That's how it is though. This week especially, I doubt my decision when I'm spending time with the kids, teaching, yes, but even more, all the time I spend playing with them, kicking the ball around, tickling them, picking them up and spinning them around, answering their questions proudly when they ask me, "先生、大根は英語でなんっていうんですか?” ("Sensei, what's daikon in English?"), and feeling how close we've gotten over the year. Even hanging out with the teachers, usually the elementary school ones, I feel myself coming out more and more, finding my place in this society, making deepening connections with "other" adults, and realizing that I can express my thoughts clearly in Japanese. These are times when I feel at home and loving, and in a way prematurely missing, everything around me.

Then I have moments, usually on my own accompanied by lots of thinking, when I feel at peace with my decision and the whole set of events I had put into play by it. I will enjoy my time here, and get so much out of it, on a level I think will be deep and profound. I will be sad in the time surrounding my leaving of this community; I will experience a sadness also so profound that I really have no idea what to expect from it. Then, I will be back in the U.S., where I will set about doing what I love and also almost immediately have to steel myself against the inhibitions and restrictions of life back at home and in my hometown. And from there I will continue on a new path connected to this one I am living right now, or perhaps a new color and part of the same road.

Things are changing in, outside, and around me so fast that I cannot predict what I will be doing in the near future with much certainty, and I've come to feel I would do best to not try to. As has been this past near-year, I cannot help but feel as though my future will not be as I've imagined it to for so long, or so short.

So, this was a pretty introspective look at my state right now, but everyone reading this (I hope) is a pretty good friend of mine so I hope it told you a little about where I'm at right now. I hope everything's going interestingly and good with you all(, too).

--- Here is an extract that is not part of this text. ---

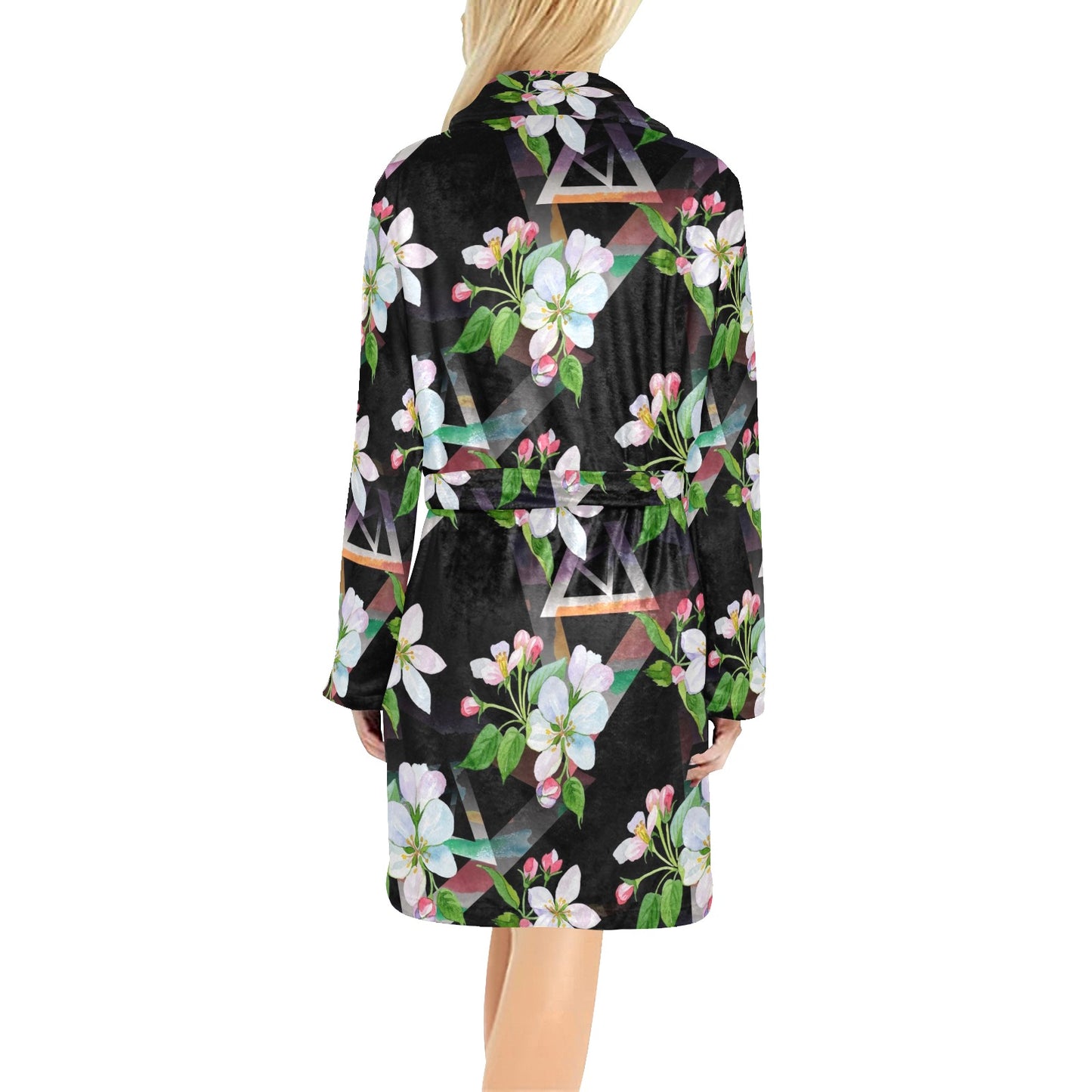 Apple blossom Pattern Print Design AB07 Women's Fleece Robe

In other news (I seem to use that phrase a lot), I heard a new part of the main line in Solomon Burke's "None of Us Are Free": "None of us are free, as long as one of us is chained." I really like that song, but even more I love, "Flesh and Blood." The bassline is just so...ah, man, it just feels so good. So, in addition to that, I've been learning about my rock 'n' roll roots, finally, like a good rock listener is supposed to, I suppose? Does this mean I'm an "adult" now instead of a bratty kid caught up in the current phase of trance-inducing repititious "rock?" Whatever, anyways, that means the Kinks and the Rolling Stones. Yes, I've never ever been into the Rolling Stones, and I'm still not, but this album (I think their first), Aftermath, is kind of cool. Or rather, the first song, Mother's Little Helper, is really, really cool and trippy, while the rest of the songs are mildly interesting. The Kinks I really like a lot. Got that dark, upbeat feel. These albums, of course, were loaned to me by a Japanese friend who knows way more about that era of U.S. music than I do. I also finally downloaded some ? and the Mysterians, which is also really cool. But not just cool, weird. Like, really weird. I would definitely not call their music straight pop, especially for their time, even the super-classic 96 tears. Have you ever heard I Need Somebody?? I rest my case there.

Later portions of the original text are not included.